Re! is the name of a Greek album by singer Anna Vissi released in Greece and Cyprus on December 24, 1994. It was recorded in London at Whitfield Street Recording Studios and released by Sony Music Greece. It is the most acoustic album Vissi has released up to date. It was repackaged in 1995 to include the songs "Amin", "Eleni" and a remix of "Eimai Poli Kala". Music and lyrics are by Nikos Karvelas and Evi Droutsa.

Release
Re! was originally released on December 24, 1994, featuring ten songs. In early to mid 1995, the album was re-released to include the songs "Amin"  and "Eleni" and a remix of "Eimai Poli Kala", reaching sales to Gold status, with more than 40,000 units sold. The lyrics of the bonus tracks, though, were not included in the album's liner notes and overall no significant change was made in the original artwork. In 1999, a Turkish artist Hülya Avşar covered the single "Eleni" with the Turkish lyrics as "Sevdim" (I loved), which met moderate success, while radio stations also picked up the original version by Anna Vissi. Sony Music Turkey then decided upon the release of Re! in Turkey. The album reached 2× Platinum in Turkey.

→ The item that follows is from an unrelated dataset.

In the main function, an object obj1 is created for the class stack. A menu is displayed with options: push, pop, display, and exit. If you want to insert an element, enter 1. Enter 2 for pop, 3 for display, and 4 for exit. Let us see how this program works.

The singles "Eimai Poli Kala", "Re!", "Amin" and "Eleni" were released on accompanying promotional videos during 1994 and 1995, all of which aired in local TV stations. "Eimai Poli Kala", directed by Nikos Soulis, was especially acclaimed at the time for the use of CGI graphics, applied on real-life locations around the city of Athens, a relatively unknown technology for the Greek market. 

In 2001, "Eimai Poli Kala" and "Eleni" were selected for digital release on Vissi's The Video Collection.

In 2019, the album was selected for inclusion in the Panik Gold box set The Legendary Recordings 1982-2019. The release came after Panik's acquisition rights of Vissi's back catalogue from her previous record company Sony Music Greece. This box set was printed on a limited edition of 500 copies containing CD releases of all of her albums from 1982 to 2019 plus unreleased material.

Track listing 
Original 1994 LP, MC and CD release
 "Re!" (Hey you!)
 "30 Kai Vale" (Thirty something)
 "Eimai Poli Kala" (I'm very well)
 "Paragrafos 62" (Paragraph 62)
 "To Allo Mou Ego" (My other self)
 "I Varka" (The boat)
 "Melanholies" (Melancholies)
 "Diadilosi" (The protest)
 "Efta Zoes" (Seven lives)
 "Palio Periodiko" (Old magazine) 
"Amin" (Amen)
"Eleni" (Helen)
"Ime Poli Kala (Dance Mix)" (I'm very well (Dance Mix))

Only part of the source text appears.